Les rapaces du dimanche
Premier jour de beau temps depuis un moment sur la Vallée des Aut's Mecs : j'en ai profité pour continuer mes repérages rapaces autour des petites falaises du coin. Il ne se passe pas une sortie sans que je vois des choses et ce, de plus en plus précisément ; celle-ci n'a pas dérogé à la règle. On commence dans la montée alors que je chausse mes raquettes : dans l'immensité blanche du versant qui me fait face, une petite troupe de biches et jeunes cerfs se hâte vers la forêt voisine, probablement dérangée sur son lieu de repos. J'imagine que cette traversée à découvert, en plein jour et sur cette neige qui attire nécessairement l'attention sur leurs silhouettes galopantes ne leur plaît que modérément.
Puis, à l'approche de la falaise aux vautours, ce sont les cris caractéristiques du faucon pèlerin qui atteignent mes oreilles. Tandis que je m'installe à mon poste d'observation, ils déchirent l'air glacial comme un appel impatient aux premiers rayons du soleil qui lèchent la cime des hêtres. Une heure de jumelage ne me permet pas de localiser l'oiseau jusqu'à ce qu'il finisse par s'envoler. Cela donne une photo de loin, premier petit pas vers l'intimité d'un animal mythique :
Ensuite, j'assiste pendant 2 heures au manège des vautours rechargeant leur nids.
Etape 1 : quitter la falaise
Etape 2 : se poser sur une grande bruyère
Etape 3 : en arracher un rameau et repartir en sens inverse
Etape 4 : assurer le transport, ce que cet oiseau peine à faire !
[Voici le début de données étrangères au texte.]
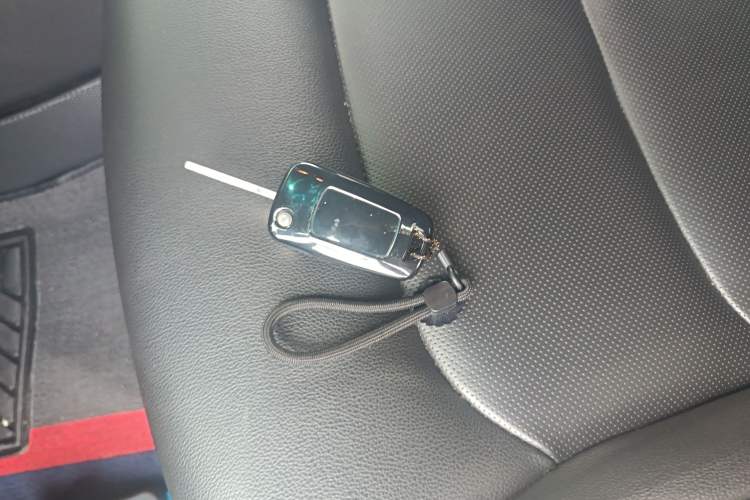 Used Chevrolet Monza 2020 Light Hybrid RS 330T Automatic Comfort Edition Vehicle Key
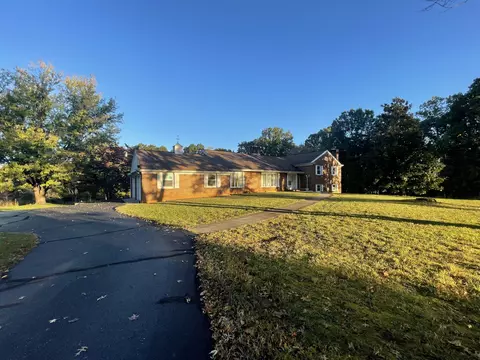 Exterior - 1345 Stone Mill Rd, Hurt, VA 24563 photo 2 of 25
Vers 13 heures, je suis complètement glacé dans l'ombre de la hêtraie silencieuse alors je rejoins la crête ensoleillée. Je constate avec plaisir qu'une biche a laissé l'empreinte de ses sabots dans celle de mes raquettes pour passer à 20 mètres de moi sans que je m'en aperçoive. La neige met si bien en évidence les chassés croisés de l'homme et de la bête, et la proximité invisible du monde sauvage que lorsqu'elle disparaît, j'ai l'impression que les forêts sont moins peuplées. Alors que je casse la croûte, j'assiste à l'arrivée d'un autre grand voilier, l'aigle royal, en couple, qui passe au-dessus de ma tête et que je photographie en catastrophe, mes doigts collants de jus de mandarine n'assurant visiblement pas une stabilité parfaite à mon matériel ...
Peu importe car mon poul s'accélère quand je vois les 2 oiseaux raser une falaise connue pour avoir accueilli une aire et finir par s'y poser !
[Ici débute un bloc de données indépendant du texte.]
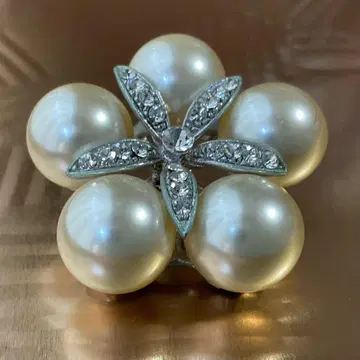 펄 브로치 화이트 크리스마스 결혼식에도 한국 액세서리 빅 사이즈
Puis, alors que l'un deux disparaît, je vois le second entamer un manège semblable à celui des vautours. Se perchant sur les branches croulantes de neige des hêtres accrochés à la falaise, il en brise de grands morceaux, s'envole avec et se dirige dans un renfoncement de la falaise.... l'aire !
C'est décidément une belle journée d'hiver qui étire ses heures sous mon regard et on sent bien que les oiseaux profitent de cette fenêtre exceptionnelle de beau temps. Dans mon dos, le petit peuple de la hêtraie est en effervescence. Mésanges charbonnières, bleues, noires, pinsons des arbres et sittelles inspectent minutieusement les branches. Le petit grimpereau des bois est là lui aussi avec ses allures de pic enfermé dans un corps de mésange à longue queue :
Et puis, bien sûr, il ne manquait plus que lui , le seigneur barbu des cieux pyrénéens, le gypaète, qui passe sous la falaise des aigles avant de profiter des ascendances qui se forment sur le versant sud de la montagne sur laquelle je suis perché pour s'élever en quelques orbes élégantes et rapides au-dessus de ma tête :
Au-dessus de ma tête, lui en haut, moi en bas et tous les Aut's Mecs encore plus bas, tel est l'ordre des choses aujourd'hui dans la VDAM.
A la descente, je croise un isard des neiges et des chevreuils des bois.
Aujourd'hui, des routes sauvages se sont ouvertes sur lesquelles je m'imagine déjà avancer à tâtons avec une patience gourmande.